Sting is ready to hit the ground running in front of 100,000 baying football fans as the headline act on one of the biggest days on the Australian sporting calendar. It’s no easy gig – just ask Meat Loaf – but he’s got this. In a music career spanning 40 years, 16 Grammy Awards and more than 100 million album sales, the musician has played the Super Bowl, the NBA All-Stars game and countless arenas and stadiums around the world. But even after all those years, he’s ever the perfectionist. “Let’s go again,” he says, as he launches into the opening bars of his new single.
Later, in the makeshift green room set up in the cricket nets, watching the pre-match entertainment on TV, Sting asks pointed questions about the upcoming game. Is there an offside rule? How many points for a goal? Can players get sent off?
Curiosity is a recurring theme when talking to the man born Gordon Matthew Thomas Sumner in working-class Wallsend (a suburb of the northern industrial town of Newcastle in England). And it was curiosity – and burning ambition – that inspired him to leave it, caused, in part, by a chance encounter with royalty, of all things.
The way he tells it, the late Queen Mother was visiting the shipyards at the end of his street, resplendent in a Rolls-Royce. Their eyes met and in that brief moment, a fire was lit inside him – the dream of a better life.
“I was eight years old and waving, and I caught the eye of the Queen Mother – she looked at me,” he recalls a few days later in a luxury Melbourne hotel. “And I thought, ‘I want a bigger life than the one I’m being offered here. I want to be in that car or something like it. I want to be in that ship that just goes off into the world and doesn’t come back.’ I didn’t feel I belonged there.
“There was a coal mine at one end and a shipyard at the other. Is that it? I saw those men come from work every day – I sold them newspapers. I saw how tough their lives were. [I thought] I don’t want that. I want to sing songs. I want to see the world.”
There’s a song on Sting’s newest album, 57th & 9th, his first rock release in 17 years, called “Heading South On The Great North Road”. It recalls his early years when he left his regular life as a school teacher who played in jazz bands by night, and rolled the dice to seek fame and fortune in London and beyond.
“That’s the most personal song on the record,” he says. “It’s a journey that Brian Johnson of AC/DC made, Bryan Ferry, Mark Knopfler, The Animals, me. We all had that romance of heading south. The only way you were going to change your life was to take the risk and put your gear in a van and head south.

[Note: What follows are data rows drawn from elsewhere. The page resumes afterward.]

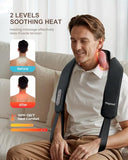 Cordless Neck Massager with Heat, Shiatsu Neck Shoulder Massager for Pain Relief Deep Tissue, 2 Heating Areas, 3 Modes Kneading Back Massager Presents/Gifts for Women, Men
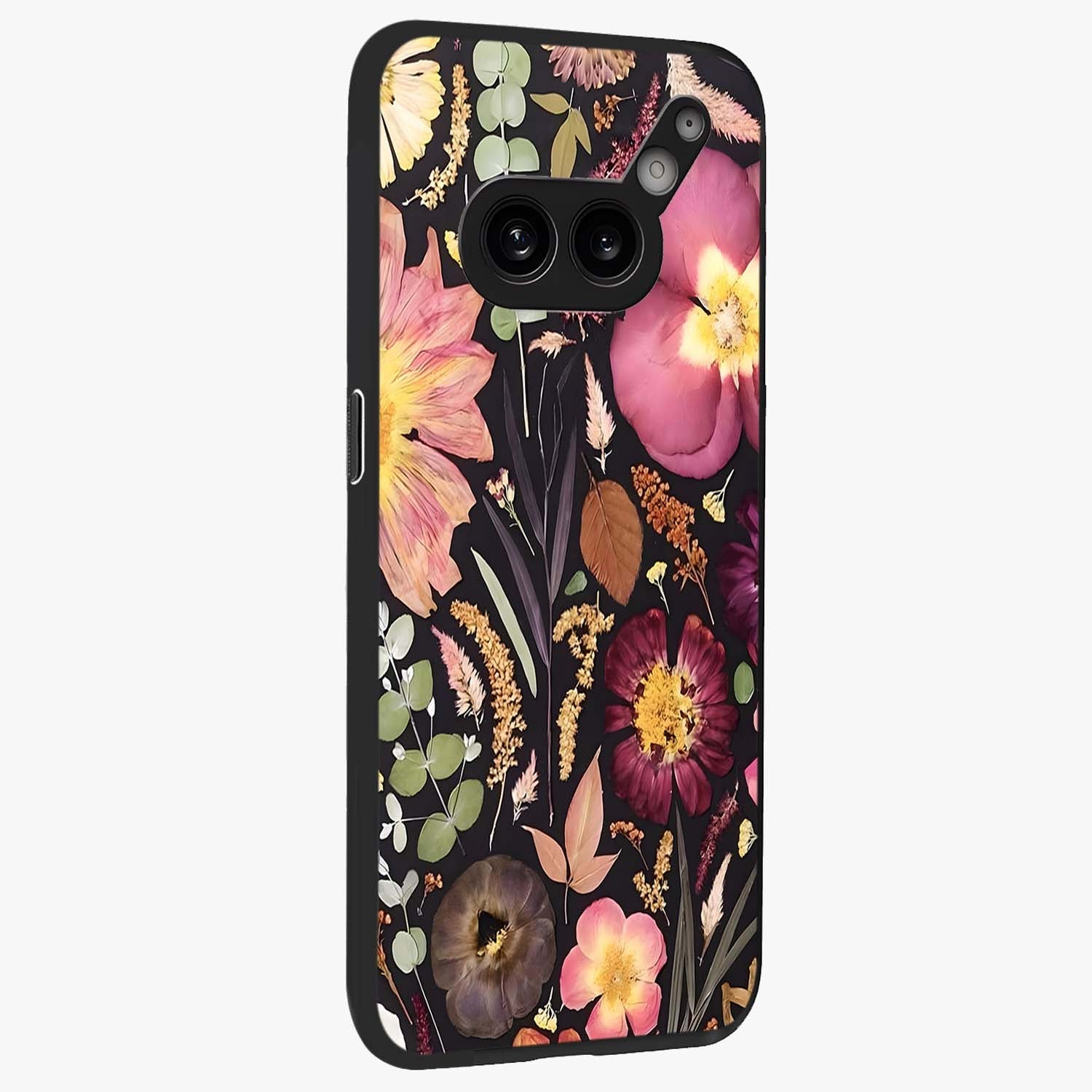 Petal Dream Tapestry Glass Case upright view showcasing detailed floral tapestry artwork with artistic nature theme.
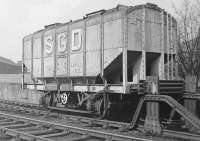 Close upof Scottish Grain Distillers hopper wagon in the yard at Cameron Bridge in 1983.<br>
<br><br>[Bill Roberton //1983]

It’s a story of greasy transport cafes.”
Sting would, of course, conquer the globe as the frontman and chief songwriter for The Police, the hugely successful and famously fractious trio that released five hit albums between 1978 and 1983 and gave the world a parade of hits, including “Roxanne”, “Don’t Stand So Close To Me”, “Every Breath You Take” and “Message In A Bottle”, on its way to becoming one of the biggest bands in the world.

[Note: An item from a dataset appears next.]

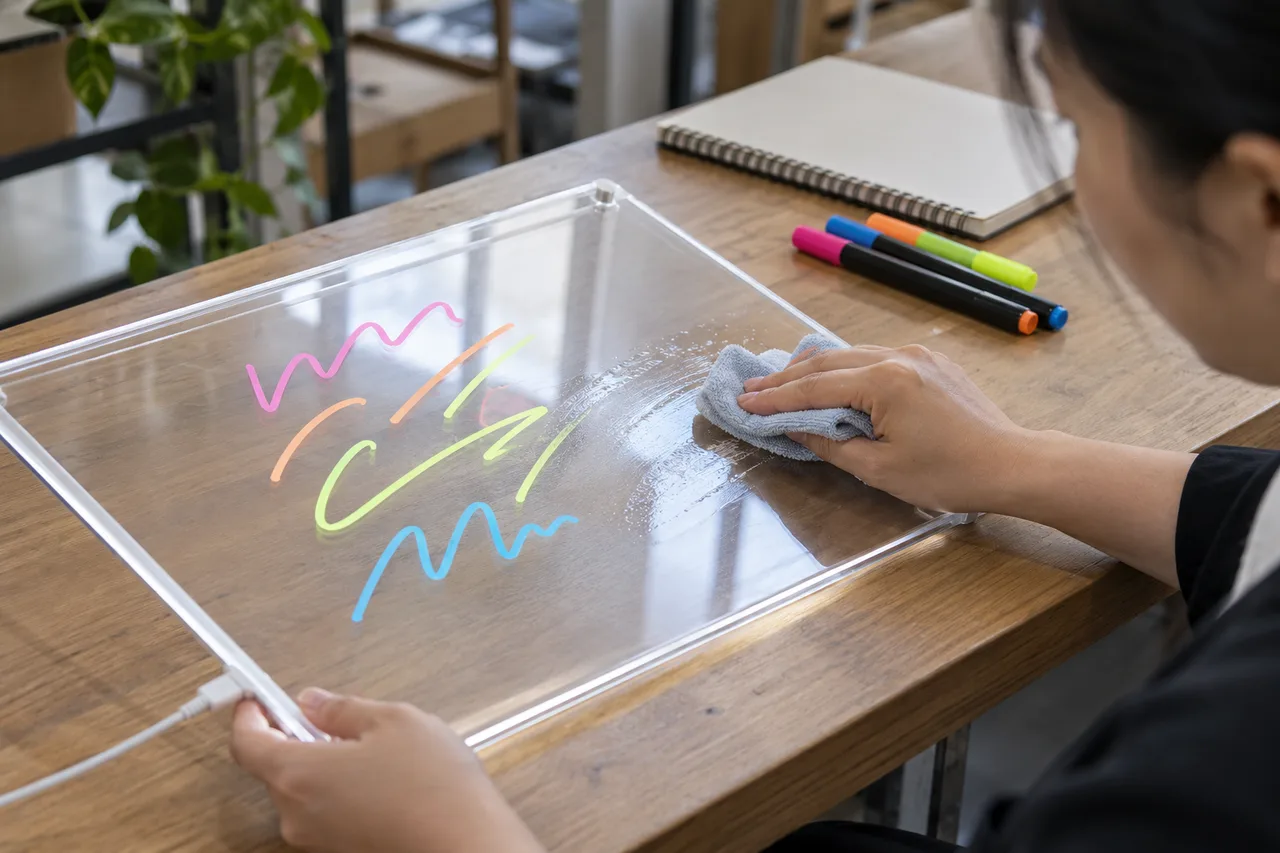 Chinese sample reviewer wiping fluorescent strokes from a clear acrylic panel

Their high-energy shows and spiky blend of pop, post-punk, new-wave and reggae were fuelled in part by intra-band tension, particularly between Sting and drummer Stewart Copeland, which occasionally boiled over into fisticuffs. At the height of the band’s success, Sting pulled the pin, eager for a new challenge, and the band played its last show in 1984. He’s never looked back and – apart from a hugely successful, nostalgia-driven reunion tour in 2008 (“We made sh*tloads of money and everybody was happy that Mum and Dad had got back together again for a little while”) – never felt the need to revisit that era.
“I am very proud of it and what we achieved together as a band, the three of us,” he says. “It was remarkable success over six years, and to carry on would just bring diminishing returns. The most exciting part of it all was the beginning, so I wanted to keep having new beginnings, rather than pressing the same buttons that any chimpanzee can press to get a banana. It’s boring.”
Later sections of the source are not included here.